▸ Exercise description
Nothing but a number should be written: the count of lines below that contain "para".
+ + + + + + +
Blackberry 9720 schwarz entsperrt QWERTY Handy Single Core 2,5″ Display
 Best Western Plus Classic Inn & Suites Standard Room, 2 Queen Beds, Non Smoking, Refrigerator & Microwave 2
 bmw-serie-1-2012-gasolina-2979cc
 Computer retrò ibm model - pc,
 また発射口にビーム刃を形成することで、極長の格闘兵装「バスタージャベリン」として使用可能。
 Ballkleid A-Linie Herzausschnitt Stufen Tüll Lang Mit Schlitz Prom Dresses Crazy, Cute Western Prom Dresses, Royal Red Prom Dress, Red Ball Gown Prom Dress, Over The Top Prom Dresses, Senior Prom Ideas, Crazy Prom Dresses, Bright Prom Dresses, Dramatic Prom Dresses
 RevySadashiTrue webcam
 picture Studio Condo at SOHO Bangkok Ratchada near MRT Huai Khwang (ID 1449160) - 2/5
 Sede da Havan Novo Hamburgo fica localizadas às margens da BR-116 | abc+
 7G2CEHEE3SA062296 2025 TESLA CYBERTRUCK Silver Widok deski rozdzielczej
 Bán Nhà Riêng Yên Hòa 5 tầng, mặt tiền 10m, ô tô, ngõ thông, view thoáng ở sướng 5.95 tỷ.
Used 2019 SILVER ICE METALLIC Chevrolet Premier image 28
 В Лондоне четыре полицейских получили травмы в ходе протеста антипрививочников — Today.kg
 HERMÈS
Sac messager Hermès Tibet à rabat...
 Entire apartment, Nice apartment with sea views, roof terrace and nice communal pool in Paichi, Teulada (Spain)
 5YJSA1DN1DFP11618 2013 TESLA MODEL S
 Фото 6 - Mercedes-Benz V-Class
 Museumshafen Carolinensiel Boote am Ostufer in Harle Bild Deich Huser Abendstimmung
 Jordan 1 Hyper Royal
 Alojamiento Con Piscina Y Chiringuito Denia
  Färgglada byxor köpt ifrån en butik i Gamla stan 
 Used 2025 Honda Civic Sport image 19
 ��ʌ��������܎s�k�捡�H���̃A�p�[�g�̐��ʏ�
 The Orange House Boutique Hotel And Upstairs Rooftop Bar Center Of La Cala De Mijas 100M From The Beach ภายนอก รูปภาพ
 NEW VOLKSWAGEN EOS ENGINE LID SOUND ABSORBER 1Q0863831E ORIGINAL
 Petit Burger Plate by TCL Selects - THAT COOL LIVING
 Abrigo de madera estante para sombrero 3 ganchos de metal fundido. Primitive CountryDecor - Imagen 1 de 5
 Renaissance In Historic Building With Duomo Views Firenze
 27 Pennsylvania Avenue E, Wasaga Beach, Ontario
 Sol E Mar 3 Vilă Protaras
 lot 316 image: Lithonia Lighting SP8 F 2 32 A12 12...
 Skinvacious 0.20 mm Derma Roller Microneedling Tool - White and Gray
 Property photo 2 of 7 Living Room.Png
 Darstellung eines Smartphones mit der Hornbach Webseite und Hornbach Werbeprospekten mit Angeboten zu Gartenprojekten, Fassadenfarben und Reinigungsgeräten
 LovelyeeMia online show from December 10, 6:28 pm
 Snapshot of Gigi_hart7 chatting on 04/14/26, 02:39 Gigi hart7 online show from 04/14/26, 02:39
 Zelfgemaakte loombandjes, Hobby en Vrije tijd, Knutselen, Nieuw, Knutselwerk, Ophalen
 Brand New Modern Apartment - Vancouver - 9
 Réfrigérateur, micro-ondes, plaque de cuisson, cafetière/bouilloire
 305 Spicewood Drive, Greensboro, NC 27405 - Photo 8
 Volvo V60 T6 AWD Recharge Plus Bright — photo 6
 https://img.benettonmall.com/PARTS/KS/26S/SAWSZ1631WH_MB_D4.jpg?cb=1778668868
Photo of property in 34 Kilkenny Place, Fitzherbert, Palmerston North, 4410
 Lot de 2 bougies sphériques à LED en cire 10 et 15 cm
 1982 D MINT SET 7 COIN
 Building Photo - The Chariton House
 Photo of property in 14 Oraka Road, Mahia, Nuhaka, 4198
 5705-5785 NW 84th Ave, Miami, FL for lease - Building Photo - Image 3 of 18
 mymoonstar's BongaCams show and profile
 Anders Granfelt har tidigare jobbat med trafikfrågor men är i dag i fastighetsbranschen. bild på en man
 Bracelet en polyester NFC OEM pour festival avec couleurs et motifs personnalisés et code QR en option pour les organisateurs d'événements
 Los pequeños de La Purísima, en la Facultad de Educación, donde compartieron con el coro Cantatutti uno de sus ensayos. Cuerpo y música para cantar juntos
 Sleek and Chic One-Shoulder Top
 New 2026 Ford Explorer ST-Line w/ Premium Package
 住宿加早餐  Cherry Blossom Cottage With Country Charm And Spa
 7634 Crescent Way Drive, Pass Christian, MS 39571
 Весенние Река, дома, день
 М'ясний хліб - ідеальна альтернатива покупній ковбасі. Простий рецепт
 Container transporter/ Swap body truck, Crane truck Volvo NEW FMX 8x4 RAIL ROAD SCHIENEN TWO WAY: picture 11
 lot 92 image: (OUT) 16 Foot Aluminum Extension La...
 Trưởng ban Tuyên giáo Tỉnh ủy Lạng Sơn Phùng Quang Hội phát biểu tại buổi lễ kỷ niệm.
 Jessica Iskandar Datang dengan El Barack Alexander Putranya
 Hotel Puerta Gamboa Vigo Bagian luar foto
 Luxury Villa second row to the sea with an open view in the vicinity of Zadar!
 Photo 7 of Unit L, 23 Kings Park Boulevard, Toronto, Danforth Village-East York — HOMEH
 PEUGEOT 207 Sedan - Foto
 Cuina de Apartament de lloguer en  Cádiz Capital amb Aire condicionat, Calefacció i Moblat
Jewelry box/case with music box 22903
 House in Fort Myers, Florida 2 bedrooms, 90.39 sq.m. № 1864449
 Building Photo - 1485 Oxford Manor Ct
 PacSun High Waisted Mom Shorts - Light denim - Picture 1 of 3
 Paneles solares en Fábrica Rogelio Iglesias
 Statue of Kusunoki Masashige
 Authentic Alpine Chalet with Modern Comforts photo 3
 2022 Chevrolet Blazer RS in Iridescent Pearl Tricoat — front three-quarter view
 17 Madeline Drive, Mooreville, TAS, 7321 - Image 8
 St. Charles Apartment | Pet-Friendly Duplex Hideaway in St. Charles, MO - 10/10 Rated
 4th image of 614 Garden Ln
+ + + + + + +
▸ Task solution
2